Here is the looking forward, based on examining the options chains for the May 15, 2020 expirations.
I had to decide if I wanted to continue to trade CMCSA. I could place a PUT at $36, or perhaps $35.50. But, I decided that I should compare what type of return I would get using the cash that way instead of using it differently.
The long story short is that I decided to take all the “available” cash in my margin account and sell 18 PUT contracts of HTZ at a strike of $3.00 and a premium of $0.30 on the May 15, 2020 expiration. Assuming that I’m able to sell those contracts on Monday at that price, I would get approximately a 10% return for the week! The Bid/Ask as of Friday, May 8, 2020 was $0.20/$0.30 with a last sold of $0.30. The BidXAsk was 131X220. Update: Now that I have access to market depth data, I have lowered my premium to $0.25. I may still need to lower it to $0.20 to guarantee having my orders filled.
Note: What I’m calling available is the amount that I should be able to withdraw as of Monday, May 11, 2020 (or so). I’m not interested in trading on margin.

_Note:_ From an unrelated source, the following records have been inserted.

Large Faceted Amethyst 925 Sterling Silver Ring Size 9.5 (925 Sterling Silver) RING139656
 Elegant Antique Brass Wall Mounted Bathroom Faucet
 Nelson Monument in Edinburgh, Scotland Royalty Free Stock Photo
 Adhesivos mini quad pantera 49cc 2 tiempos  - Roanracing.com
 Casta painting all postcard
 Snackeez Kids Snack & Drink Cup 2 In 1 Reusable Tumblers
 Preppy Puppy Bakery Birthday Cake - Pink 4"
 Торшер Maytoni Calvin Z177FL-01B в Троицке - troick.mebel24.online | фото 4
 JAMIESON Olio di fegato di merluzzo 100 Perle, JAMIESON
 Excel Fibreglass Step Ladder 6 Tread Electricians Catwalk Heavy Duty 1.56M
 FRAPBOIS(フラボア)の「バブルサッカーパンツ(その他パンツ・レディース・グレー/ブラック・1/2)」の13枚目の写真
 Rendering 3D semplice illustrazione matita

I entered my order to sell 4 CALLs of LUV at a strike of $30 and a premium of $0.20 on the May 15, 2020 expiration. The Bid/Ask as of Friday, May 8, 2020 was $0.15/$0.20 with a last sold of $0.17. The BidXAsk was 9X128. Update: Now that I have access to market depth data, I have lowered my premium to $0.15. This premium price should guarantee that my orders are filled.
In originally entered my order to sell 3 CALLs of PG at a strike price of $118 and a premium of $0.70 on the May 15, 2020 expiration. The Bid/Ask as of Friday, May 8, 2020 was $0.28/$0.71 with a last sold of $0.68 (near the end of the day). The BidXAsk was 30X3. Rather than sticking with my plan from last week of aiming to liquidate my holdings I had decided to see if I could ride the stock higher. However as I was writing this entry I realized that pursuing that strategy was likely to get me lower returns. I would be letting my ego and regret get in the way of making a better decision based on what is happening in the market right now.
So, I canceled that order and entered a new order to sell 3 CALLs of PG at a strike price of $116 and a premium of $1.60 on the May 15, 2020 expiration. The Bid/Ask as of Friday, May 8, 2020 was $1.23/$1.62 with a last sold of $1.46 at the end of the day. The BidXAsk was 50X11.
I’m looking at this experience of trading options as part of my spiritual practice. It may seem very strange to consider something so material to also be spiritual. However, I am approaching this by consciously focusing on when I am letting ego or regret cloud my decisions. I am dealing with the reality of the market place right now instead of focusing on the past or hoping for what might happen in the future. I am aiming for what I desire and also letting go of the outcome. I am writing these journal entries and reflecting on my experience and how I am reacting to it. I am accepting that I’m still new to this and I have a lot to learn. I am truly embracing “beginner’s mind.”
I am enjoying this particular adventure in my life right now!
I give thanks to the Universe for the abundance it provides me. I surrender and am open and ready to receive.